Auch wenn die Bücher mit den wiederkehrenden Helden den Löwenteil von Agatha Christies Werks ausmachten, es gab auch Einzelwerke ohne große Bezüge zu anderen Büchern. Das bekannteste davon ist das 1939 erschienene „Und dann gabs keines mehr“: Über 100 Millionen Exemplare wurden von dem Mystery-Thriller über ein tödliches Wochenende auf einer Insel verkauft, was den Roman zu einem der erfolgreichsten aller Zeiten machte. Wenig überraschend ist das Buch daher auch eines der am häufigsten verfilmten, wobei sich fast alle an der Theaterversion orientieren. Lediglich das russische Das letzte Weekend griff das Originalende auf und hielt sich auch sonst an den sehr düsteren Ton des Buches. Ebenfalls bei Filmemachern beliebt ist Love From A Stranger, welches als Bühnenstück bekannt wurde, und fünf Mal in Filmform umgesetzt wurde – darunter auch zweimal in Deutschland. Überraschenderweise wurde „Die Mausefalle“, immerhin das am längsten laufende Theaterstück aller Zeiten, größtenteils ignoriert: Lediglich ein bengalischer und ein russischer Film nahmen sich des Themas an, schafften aber nie den Weg in den Westen.

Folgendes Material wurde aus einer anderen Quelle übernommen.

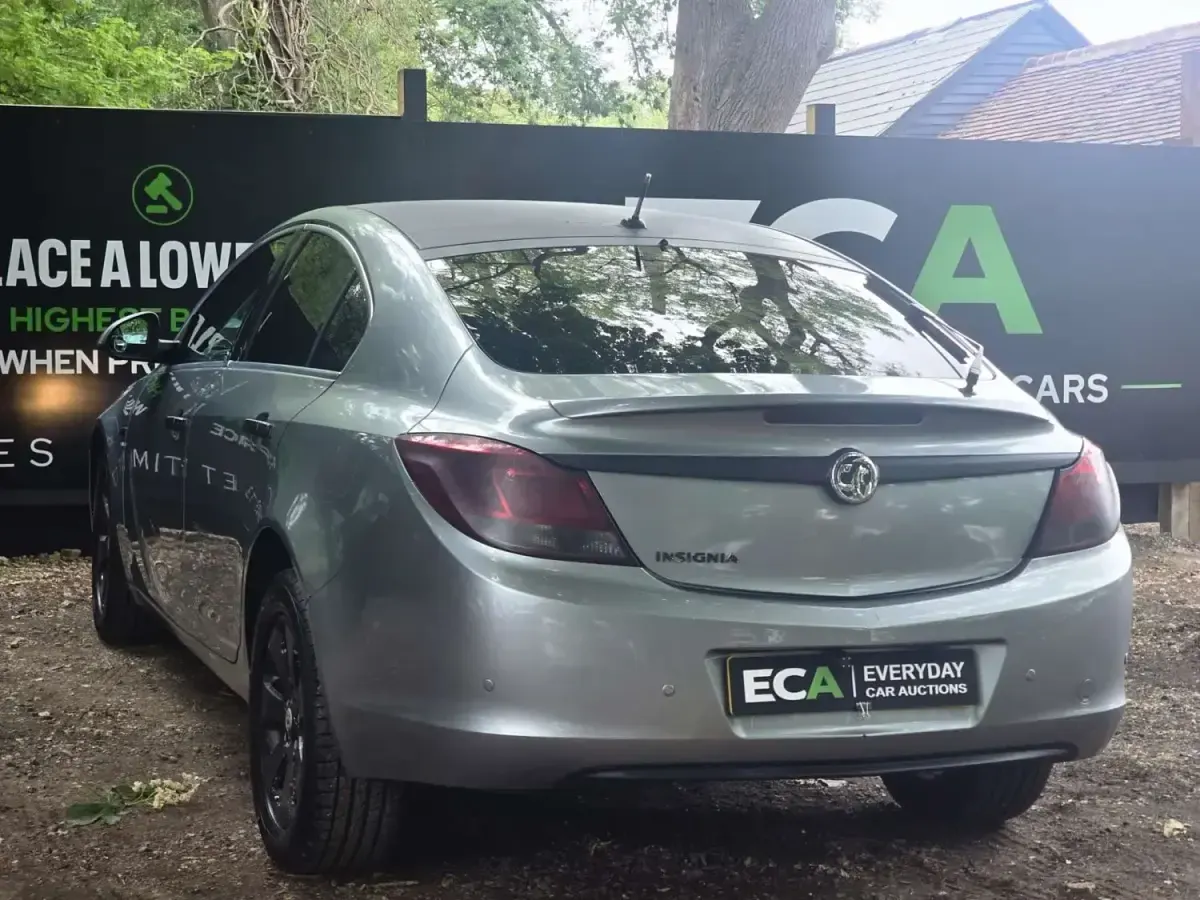 Second-hand Vauxhall Insignia SRi 2012 Argintiu Hatchback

Filme rund um Agatha Christie

Wer dermaßen Literatur und Film beeinflusst wie die britische Krimiautorin, der wird früher oder später auch selbst zum Inhalt von mal mehr, mal weniger ernst gemeinten Filmen – sowohl als Dokumentation (zum Beispiel Der Agatha Christe Code) wie auch als Spielfilm. Prominent besetzt ist Das Geheimnis von Agatha Christie, welches das bis heute ungeklärte Verschwinden der Schriftstellerin im Jahr 1926 thematisiert und daraus eine Mischung aus Drama und Thriller machte. Sehr viel humorvoller ist das fiktive Aufeinandertreffen von Christie und Hercule Poirot in dem Fernsehfilm Murder by the Book. Übertroffen wird das nur noch von Eine Leiche zum Dessert, wo fünf berühmte Detektive – darunter Poirot und Miss Marple – durch den Kakao gezogen werden. Und das gesamte Krimigenre gleich mit.

Comics

Neben zahlreichen Adaptionen fürs Kino und Fernsehen entstanden auch mehrere Comics, die auf den Romanen von Agatha Christie basieren.

Agatha Christie Portraet

Agatha Miller wurde am 15. September 1890 in der englischen Kleinstadt Torquay geboren. 1913 heiratete sie den Offizier Archibald Christie, dessen Nachname sie auch nach der Scheidung 1928 beibehielt. Ihr erster Roman „The Mysterious Affair at Styles“ erschien 1920, wo sie auch ihre berühmteste Figur einführte: der belgische Meisterdetektiv Hercule Poirot. Ihre zweite bekannte Erfindung war die der neugierigen Altjungfer Miss Marple. Insgesamt erschienen 66 Kriminalromane der Autorin, 14 Sammelbände sowie Liebesgeschichten unter einem Pseudonym. Christie starb am 12. Januar 1976.